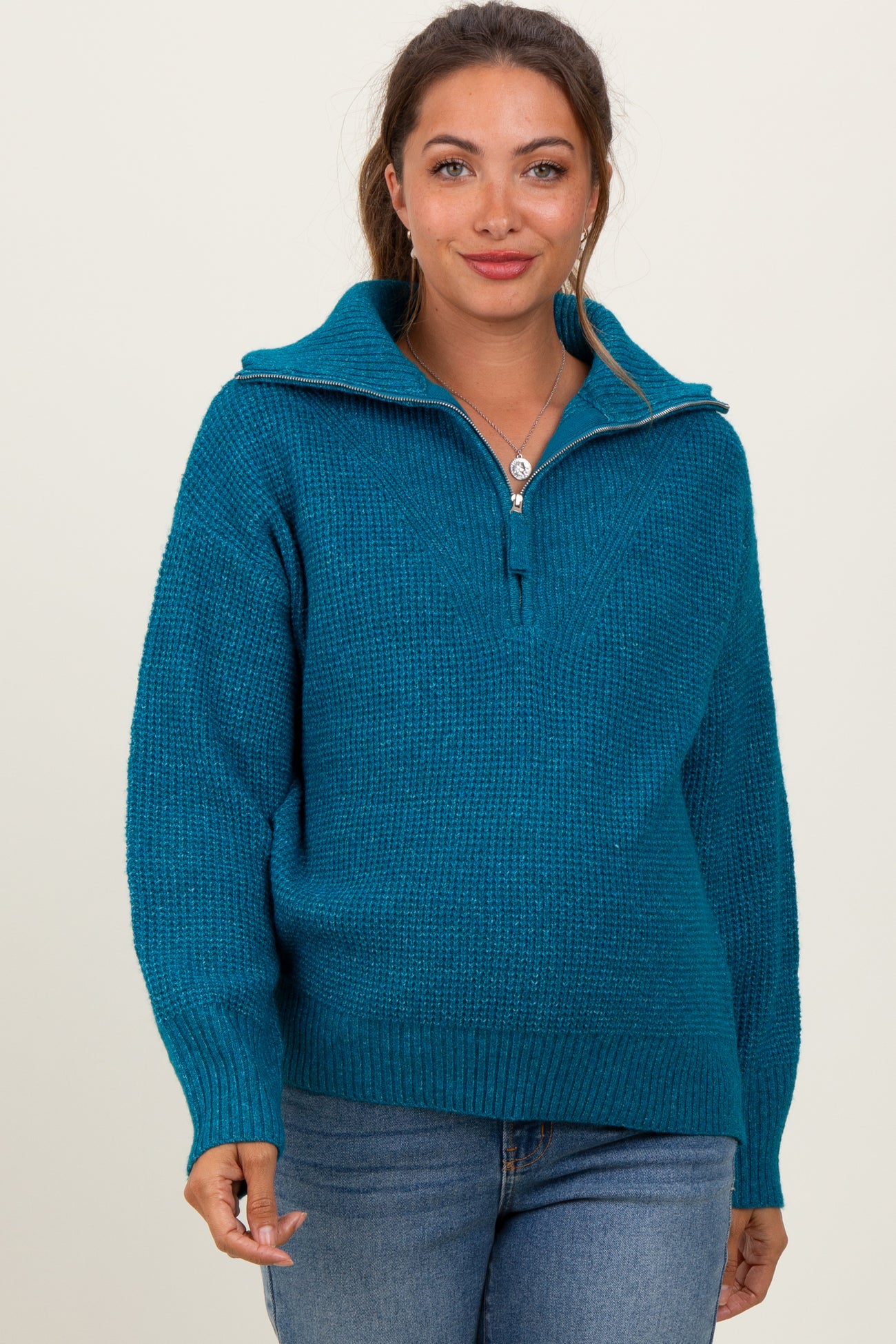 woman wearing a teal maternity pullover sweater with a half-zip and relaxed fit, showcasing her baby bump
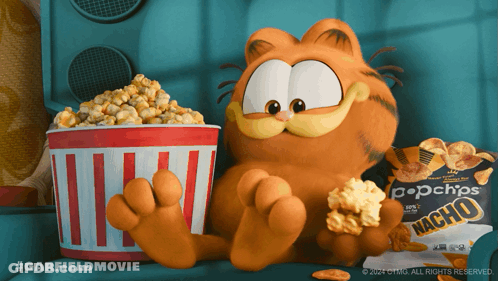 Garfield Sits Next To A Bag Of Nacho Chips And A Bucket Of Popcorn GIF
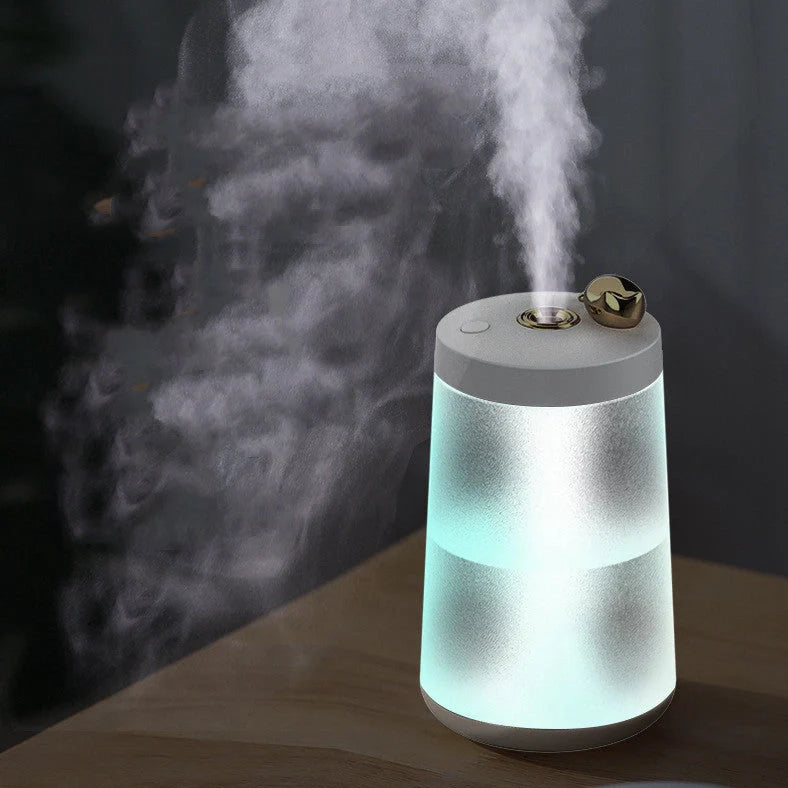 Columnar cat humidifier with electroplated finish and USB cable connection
= = = =
TRY IT: Give back exactly the lines from the line with "Garfield Sits Next" through the end of the material above, and omit every picture.

THE ANSWER:
 Garfield Sits Next To A Bag Of Nacho Chips And A Bucket Of Popcorn GIF
 Columnar cat humidifier with electroplated finish and USB cable connection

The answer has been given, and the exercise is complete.